Stored data:
━━━━━━

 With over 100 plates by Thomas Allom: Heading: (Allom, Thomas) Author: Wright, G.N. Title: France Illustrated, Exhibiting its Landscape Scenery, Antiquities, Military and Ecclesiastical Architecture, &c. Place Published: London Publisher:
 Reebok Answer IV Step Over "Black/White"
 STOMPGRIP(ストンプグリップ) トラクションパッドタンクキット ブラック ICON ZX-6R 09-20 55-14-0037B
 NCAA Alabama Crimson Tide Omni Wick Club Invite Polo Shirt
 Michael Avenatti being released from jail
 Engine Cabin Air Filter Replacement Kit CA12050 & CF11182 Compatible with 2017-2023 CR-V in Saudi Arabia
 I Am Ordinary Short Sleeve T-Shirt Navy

━━━━━━

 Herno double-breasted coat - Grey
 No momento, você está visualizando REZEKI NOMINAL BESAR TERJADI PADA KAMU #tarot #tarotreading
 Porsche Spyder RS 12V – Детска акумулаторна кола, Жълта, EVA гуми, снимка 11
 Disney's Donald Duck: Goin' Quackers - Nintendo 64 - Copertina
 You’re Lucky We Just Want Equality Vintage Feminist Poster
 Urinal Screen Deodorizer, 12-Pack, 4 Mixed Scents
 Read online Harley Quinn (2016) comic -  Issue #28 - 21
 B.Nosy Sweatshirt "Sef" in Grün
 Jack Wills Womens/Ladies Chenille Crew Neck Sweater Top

━━━━━━

Prompt:
Above are the records; copy exactly the lines from the line with "With over 100" through the line with "Michael Avenatti being released from jail", both included.

Task result:
 With over 100 plates by Thomas Allom: Heading: (Allom, Thomas) Author: Wright, G.N. Title: France Illustrated, Exhibiting its Landscape Scenery, Antiquities, Military and Ecclesiastical Architecture, &c. Place Published: London Publisher:
 Reebok Answer IV Step Over "Black/White"
 STOMPGRIP(ストンプグリップ) トラクションパッドタンクキット ブラック ICON ZX-6R 09-20 55-14-0037B
 NCAA Alabama Crimson Tide Omni Wick Club Invite Polo Shirt
 Michael Avenatti being released from jail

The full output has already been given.